Ever since the global financial crisis threw up instances of untrammelled risk-taking by top executives in big banks which put the entire financial system at risk, regulators have been grappling with executive compensation structures that remove such perverse incentives for risk-taking. The Reserve Bank of India’s guidelines last week, specifying how private sector banks in India must design the compensation packages of their CEOs, whole-time directors and material risk-takers, are part of this effort. The latest set of rules represents a fleshing out of RBI’s broader guidelines set in 2012.

Not content with asking bank boards to structure pay packages of their senior executives to align them with risk outcomes, the RBI has now gone ahead to specify how exactly these packages must be structured. While the earlier requirement was merely for a variable component to top management pay, the RBI now requires that at least 50 per cent of the compensation package be variable. From capping variable pay at 70 per cent of fixed pay, the RBI has expanded the limit to 300 per cent. But the catch is that variable pay must now include ESOPs, which may pose knotty problems of valuation from year to year. The most material change though is the stipulation that at least 60 per cent of an executive’s variable pay must be deferred for three years. Banks will be required to compulsorily claw back this deferred pay, in the event of ‘negative’ business performance or significant divergence of its reported NPAs from RBI-assessed numbers.
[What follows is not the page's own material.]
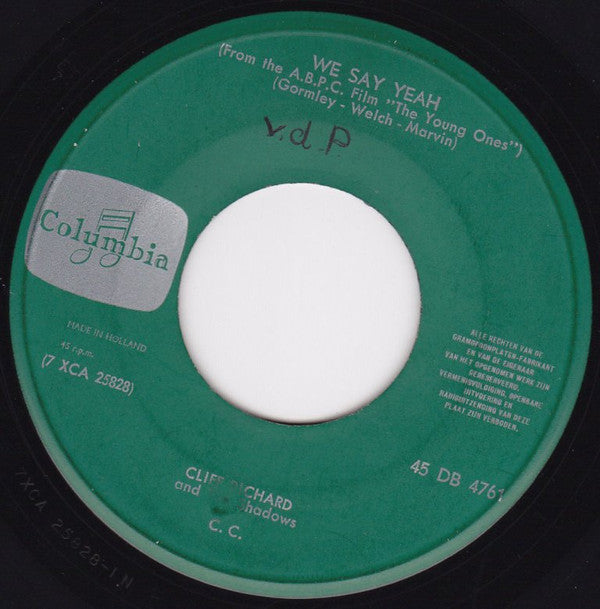 Cliff Richard & The Shadows : The Young Ones (7", Single)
While the intent behind such tweaks is praiseworthy, the concern is whether the RBI is straying too far from principles-based regulation to a rule-based approach that micro-manages banks’ commercial decisions. Private sector banks in any case need the RBI’s explicit approval for the remuneration packages of their CEOs and whole-time directors, making it quite easy for the RBI to vet their proposals for alignment with fair-pay principles. It is also a moot point if pay structures are such a big determinant of top management behaviour or sound governance at banks as the RBI is making them out to be. Top managers’ skin-in-the-game and the independence of bank boards may be far bigger deterrents to undue risk-taking and need greater attention.

The other elephant in the room is that while the RBI is subjecting private sector banks to such elaborate rules, it is essentially powerless to impose its writ on PSBs (public sector banks) that make up over two-thirds of the Indian banking system. In contrast to private sector banks, the key risk-takers at PSBs earn very low monetary compensation that is completely out of sync with market realities, while enjoying outsized perks irrespective of performance. This pay structure, taken with the extremely short tenures of PSB top executives, is a recipe for lack of accountability and even outright corruption. If the RBI is serious about reforming bank incentives, it must prevail on the Centre to loosen its grip on top management appointments at PSBs and pay performance-linked compensation.